Le gouvernement propose également d’interdire dès le 1er janvier 2021 les garanties pour les crédits à l’exportation finançant des projets liés aux « pétroles extra-lourds, schistes et sables bitumineux », ainsi qu’aux « centrales thermiques dégradant le mix électrique du pays récipiendaire ».
Les ONG Les Amis de la Terre et Oxfam n’ont pas été convaincues et dénoncent dans un communiqué des mesures « anecdotiques » qui « ne forcent pas les industriels français actifs dans le secteur des hydrocarbures à changer de modèle économique ». Selon elles, Bruno Le Maire et les députés de la majorité « n’ont rien compris à l’urgence climatique. Repousser la frontière des énergies fossiles » jusqu’à 2035, « c’est préparer un monde à +4 degrés, voire +5 degrés de réchauffement climatique », assure Cécile Marchand, chargée de campagne climat aux Amis de la Terre France.
Bonus climatique
Concernant l’ensemble du dispositif de soutien à l’export, le rapport défend un « bonus climatique » pour les projets durables portés par les entreprises françaises. La classification effectuée par les autorités européennes « sera le mètre-étalon pour juger de l’éligibilité des projets à bonus, à l’exception du secteur naval » pour lequel « une méthodologie ad hoc transitoire est proposée », indique le rapport.

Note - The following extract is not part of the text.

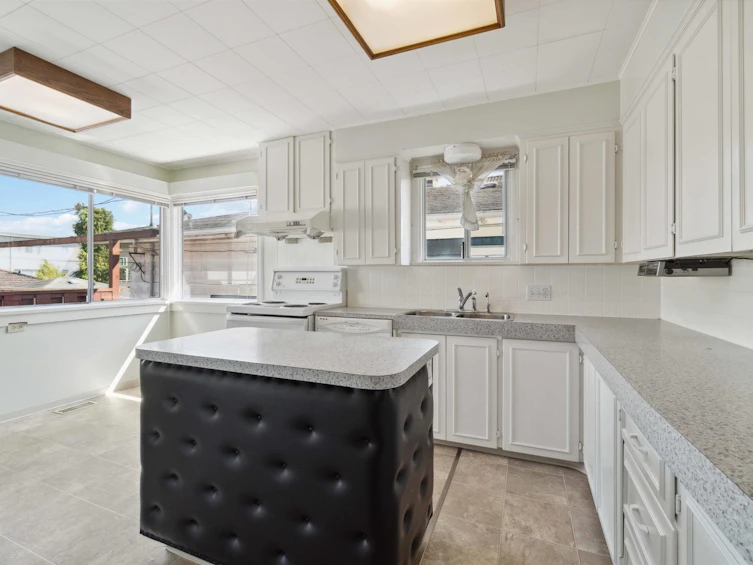 6328 Commercial Street, Vancouver, BC, V5P 3P3 - 9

Le gouvernement dit souhaiter financer « au maximum permis par le cadre international les projets atteignant un seuil minimum de contenu français » et qui sont labellisés durables. A Bercy on explique que cela conduira à abaisser la part de contenu français exigée, notamment « parce qu’il n’y a pas encore une filière suffisamment robuste de solaire ou d’éolien intégralement sourcée en France ». L’idée est de « financer une part plus importante » d’entreprises basées en France « même si la part française sera 20-25 % et non pas de 40 % ou 50 % », précise-t-on de même source.